Posted by: orthodoc | May 13, 2011 11:44:46 AM

"Saying they were off connotes inaccuracy, when this was a function of their basing the projections on the law in effect at the time,"

Which is a lesson in itself.

"coupled with the disastrous Bush economic policies."

What policies of Bush's were disastrous? You mean his running up the national debt, or his creation of a new healthcare entitlement in 2003, his unnecessary war of choice, or his corporatist bailouts, or his ignoring the social-engineers' meddling that led to the housing bubble?

"How about this for a headline: "We would have a <$5 trillion national debt if the Supreme Court hadn't handed Bush Florida on a silver platter"?"

It's a rare feat to be *that* wrong twice in the same sentence about two wildly diverging topics.

Posted by: hitnrun | May 13, 2011 1:12:28 PM

I remember Clinton's own budgets predicting deficits for as far as the eye could see. Then 1994's Republican revolution happened and, presto, "balanced" budget (minus a few trillion "off budget" line items.)

Then we did pretty well until Pelosi's Dems retook Congress in Jan 2007.

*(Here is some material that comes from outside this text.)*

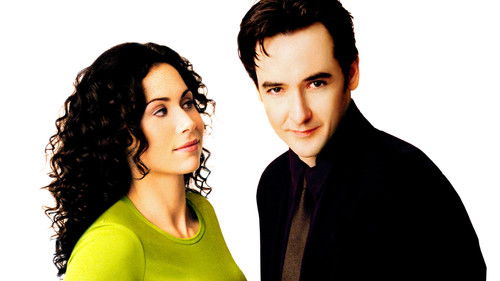 Grosse Pointe Blank: Ein Mann - Ein Mord Bild 5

I most recently recall candidate Obama ripping GW Bush for his unacceptable deficits, which Obama/Pelosi/Reid have tripled, or worse, and with more, much more, to come.

Posted by: Koblog | May 13, 2011 1:55:01 PM

Why is it that Alec and the rest of the Quislingcrat crybaby circle still refuse to wrap their minds around the fact that if Gore had been able to carry HIS OWN HOME STATE, the Florida count would have been irrelevant?